El hatzegopteryx que afirmaba haber venido por orden del Señor del Relámpago se llamaba en realidad Cobra, en honor al helicóptero militar con el mismo nombre.
Era uno de los más recientes llegados a su manada.
Había sido reclutado por Apaches durante su misión y había llegado con una pequeña bandada de pterosaurios.
Su tamaño era tal que los otros pterosaurios parecían peces limpiadores alrededor de un gran tiburón blanco.
Dada su grandeza, Sobek lo había elegido como el más adecuado para esa pequeña obra.
Sobek no tenía reparos en utilizar todas las armas a su alcance.
Cosas como la moralidad y el respeto por el adversario eran nimiedades cuando se hablaba de una guerra.
Las guerras, las verdaderas guerras, solo las ganaba quien estaba dispuesto a hacer cualquier cosa para conseguir más recursos y las armas más eficientes.

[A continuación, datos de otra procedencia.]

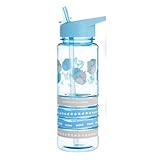 Squishmallows Gordon Water Bottle – 650ml Wristband Banded Drinks Bottle with Straw, BPA-Free, Easy-Clean Design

La moralidad en la guerra no era más que una ilusión, un invento patético.
No había honor ni respeto entre soldados: al igual que en la naturaleza, la única ley era sobrevivir.
Un animal nunca tendría escrúpulos en usar todos los medios a su disposición para sobrevivir; del mismo modo, Sobek no habría tenido reparos en utilizar cualquier medio para conseguir lo que necesitaba para asegurar la supervivencia de los dinosaurios.
En el caso de los Neandertales, la religión y la superstición eran un arma, y una increíblemente eficiente.
Un arma que habría sido inútil contra hombres modernos, pero no contra un grupo de gente primitiva.
A Sobek no le importaba jugar con sus creencias para sacar ventaja.
Sobek se lo debía todo a aquellos eruditos que habían venido a la aldea en el pasado y habían documentado la cultura Neandertal: gracias a ello, conocía a grandes rasgos la religión de ese pueblo.
No importaba si no lo sabía todo: una vez que citaba los pasajes principales, todo lo demás podía ser inventado.
Por eso había ideado esa obra.
Neytiri obviamente no podía imaginar todo esto, así que ni siquiera se le ocurrió que Cobra estaba mintiendo.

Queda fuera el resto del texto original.